■ Given records ■
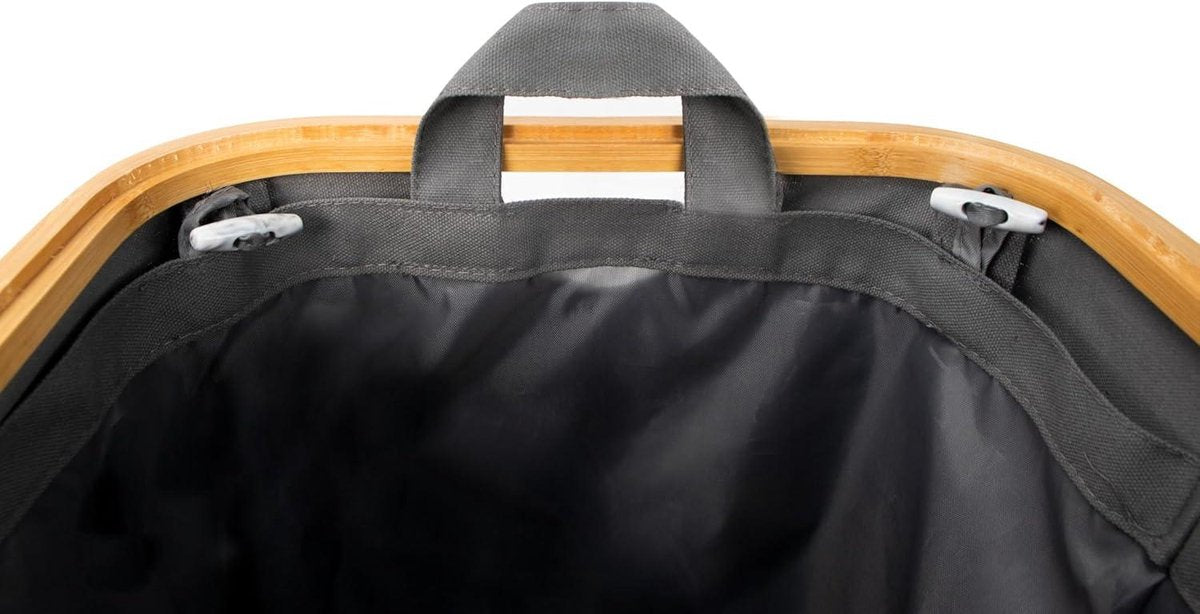 Donkere Wasmand met Deksel 2 Vakken 150 Liter Bamboestof Grijs - Grote XXL Wasmand - Donkergrijs Antraciet - Wasverzamelaar - Waspoef - Laundry Basket met Deksel - Wasgoed Sorteerder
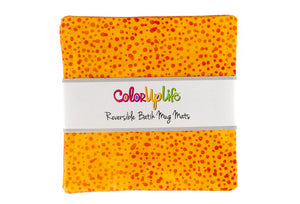 Yellow Dot Batik Fabric Mug Mats by ColorUpLife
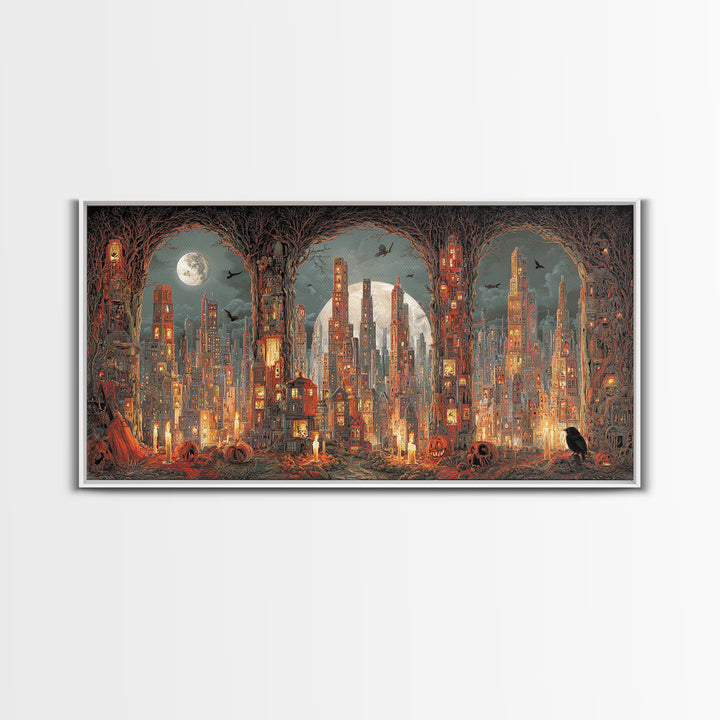 The Haunted City Skyline, Apocalyptic Romantic Art, Wide Panoramic Art, Macabre Wall Art, Canvas Print, Halloween Wall Art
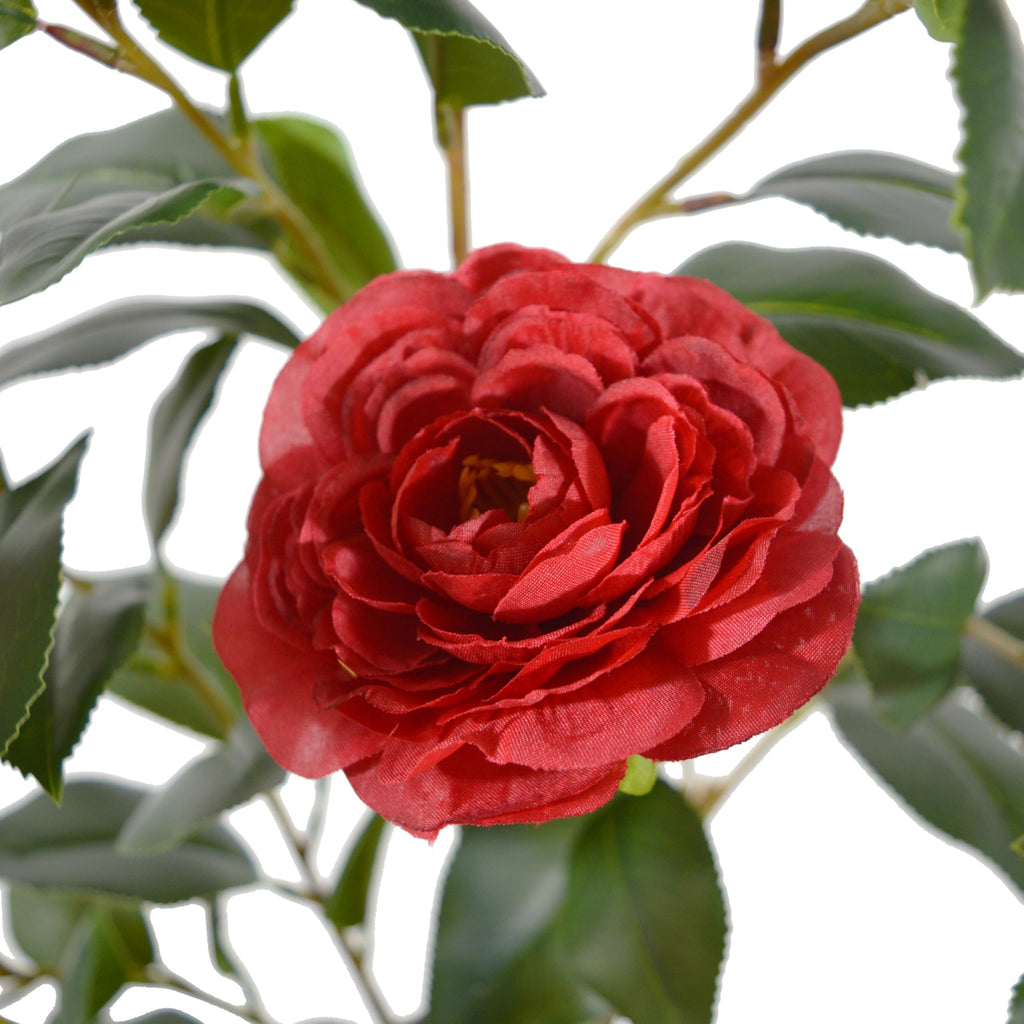 Artificial Camellia Tree 3ft Fake Flower Plant in White Pot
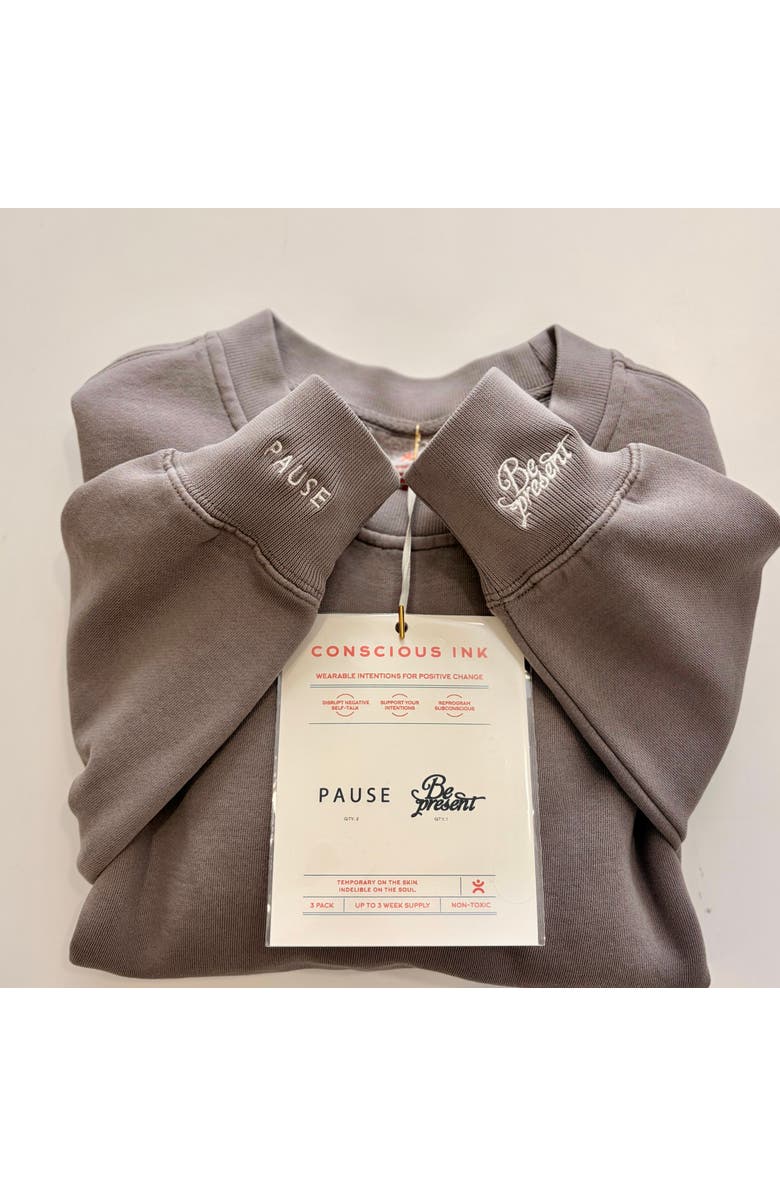 Conscious Ink Pause Be Present Manifest Sweatshirt + Ink, Main, color, Faded Grey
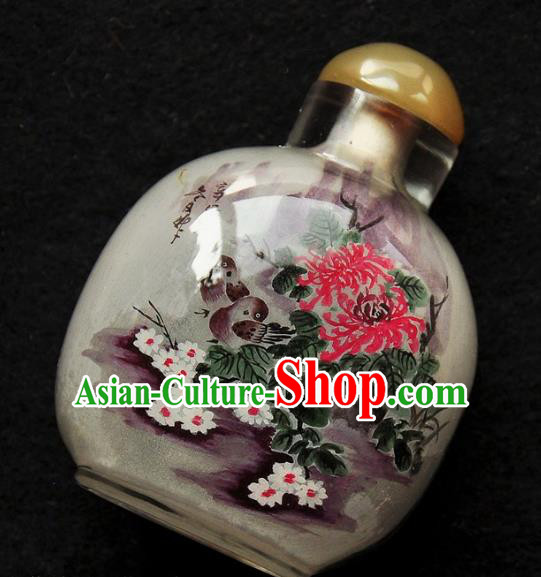 Chinese Handmade Snuff Bottle Traditional Inside Painting Lotus Birds Snuff Bottles Artware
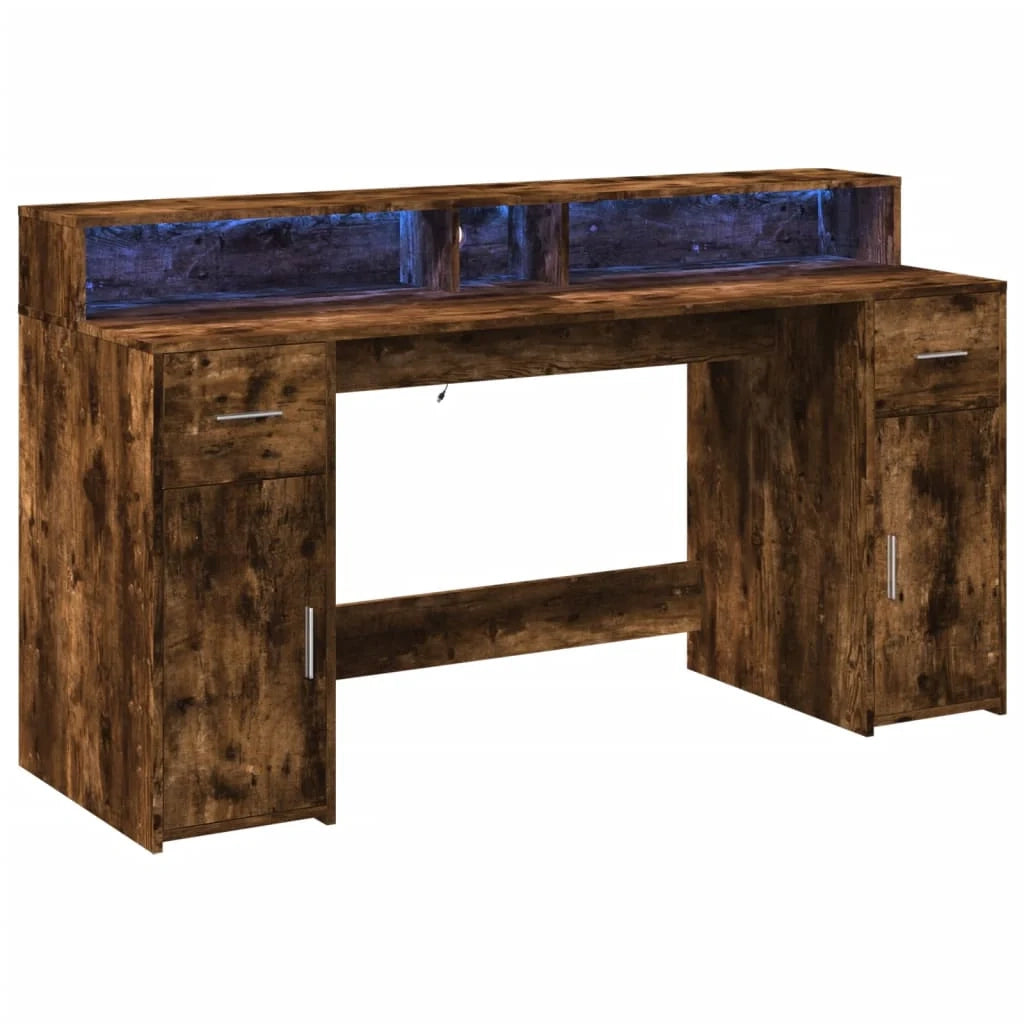 Scrivania da ufficio postazione di lavoro mobile per computer tavolo da studio con luci a LED rovere affumicato 160 x 55 x 91 cm legno ingegnerizzato marrone 02_0023786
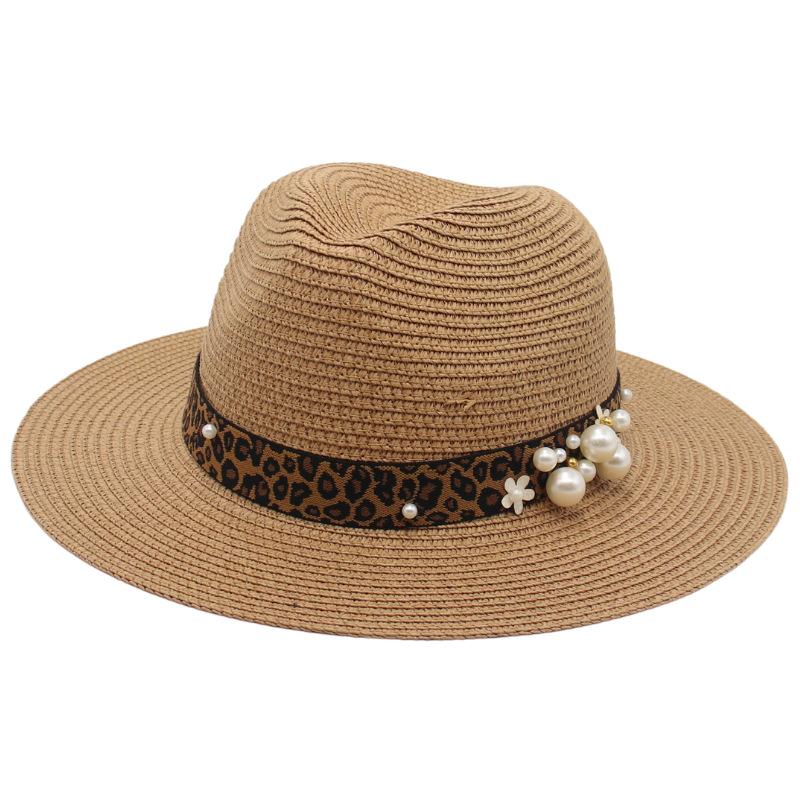 Spring And Summer 2022 New Panama Straw Hat Leopard Print Pearl Top Hat Men And Women Elegant Foldable Jazz Hat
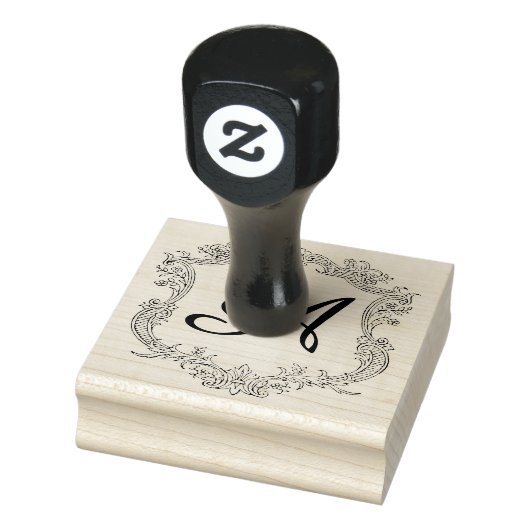 Floral Border with Monogram Rubberstempel (Stempel)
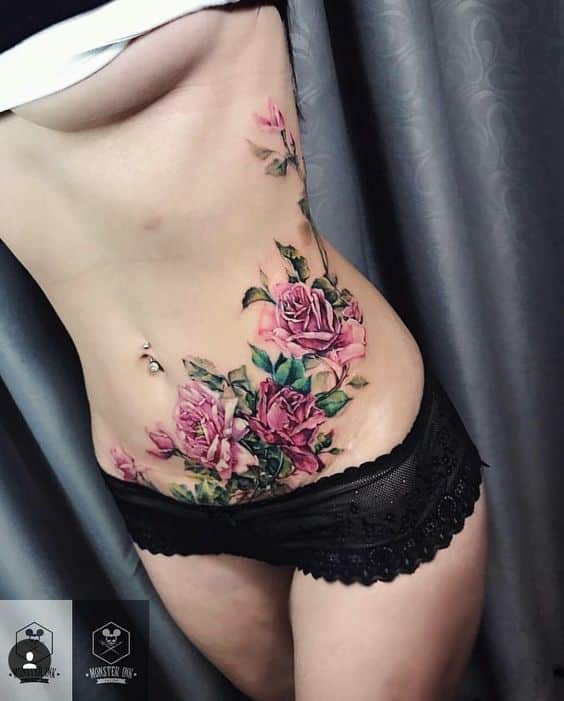 Cherry Blossom Side Stomach Tattoo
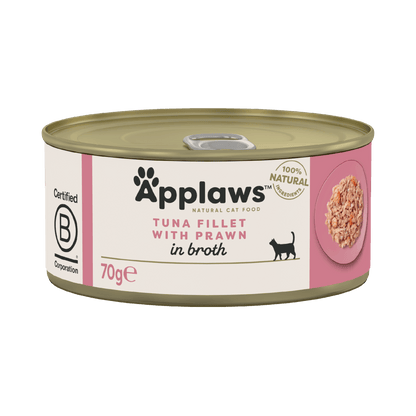 Applaws Natural Wet Adult Cat Food Tuna Fillet with Prawn in Broth ( 70g × 24 )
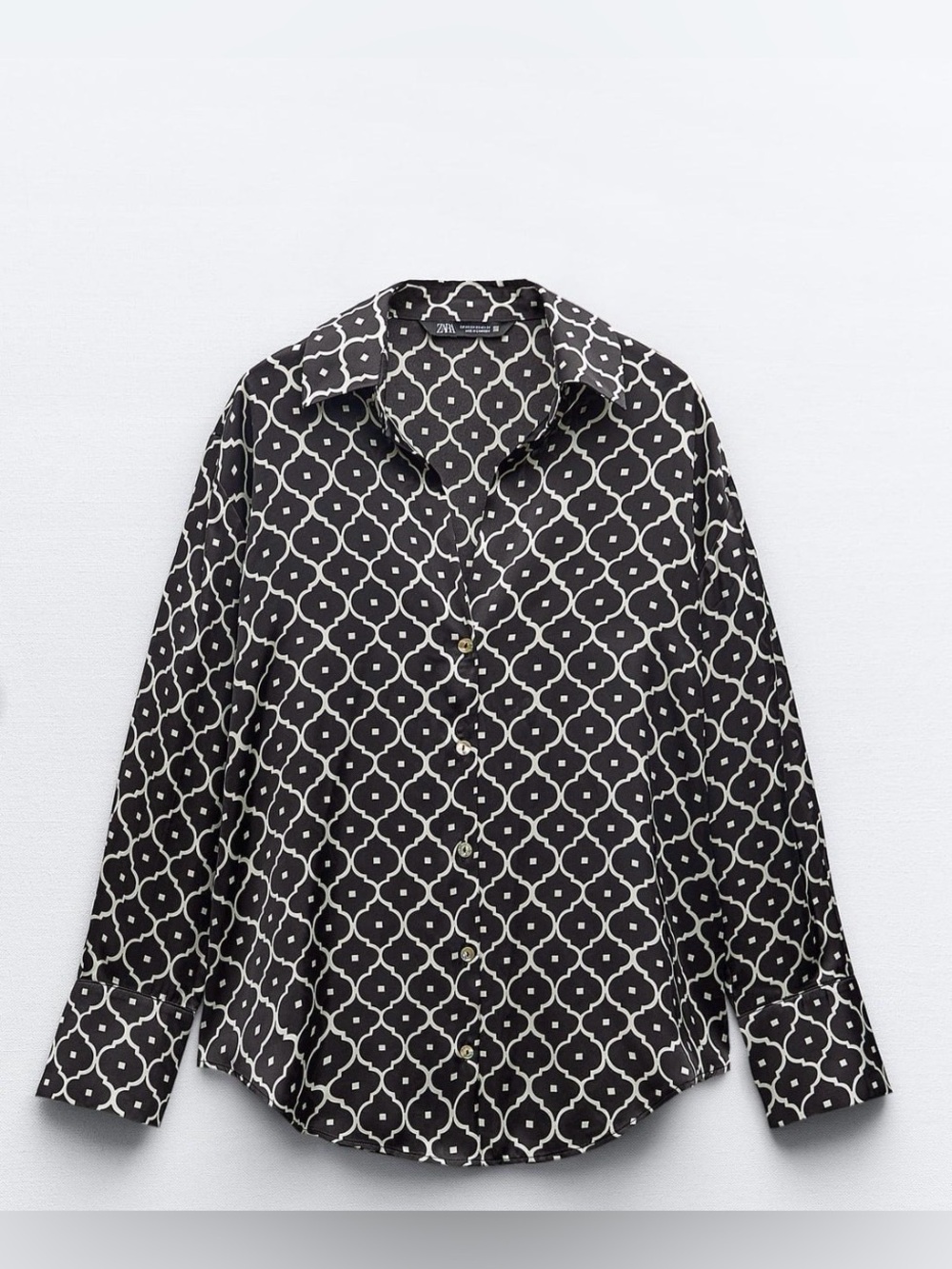 ZARA Satin Geometric Print Shirt
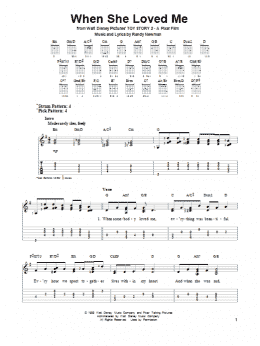 page one of When She Loved Me (from Toy Story 2) (Easy Guitar Tab)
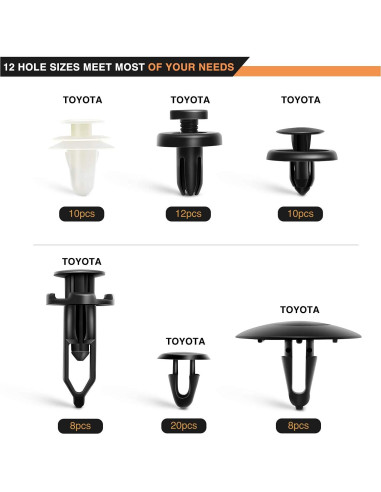 GOOACC 166 Pcs Clips de Retención y Grommets de Tornillo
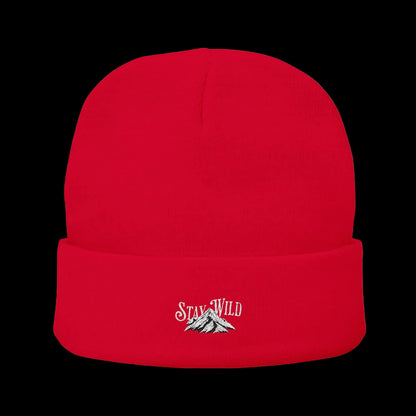 Stay Wild Mountain Beanie — Classic Cuffed Embroidered Beanie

■ Exercise instructions ■
What you need to produce is an exact copy of the entries above, limited to the lines from the one with "Chinese Handmade Snuff" up to and including the one with "GOOACC 166 Pcs", without pictures.

■ Written answer ■
 Chinese Handmade Snuff Bottle Traditional Inside Painting Lotus Birds Snuff Bottles Artware
 Scrivania da ufficio postazione di lavoro mobile per computer tavolo da studio con luci a LED rovere affumicato 160 x 55 x 91 cm legno ingegnerizzato marrone 02_0023786
 Spring And Summer 2022 New Panama Straw Hat Leopard Print Pearl Top Hat Men And Women Elegant Foldable Jazz Hat
 Floral Border with Monogram Rubberstempel (Stempel)
 Cherry Blossom Side Stomach Tattoo
 Applaws Natural Wet Adult Cat Food Tuna Fillet with Prawn in Broth ( 70g × 24 )
 ZARA Satin Geometric Print Shirt
 page one of When She Loved Me (from Toy Story 2) (Easy Guitar Tab)
 GOOACC 166 Pcs Clips de Retención y Grommets de Tornillo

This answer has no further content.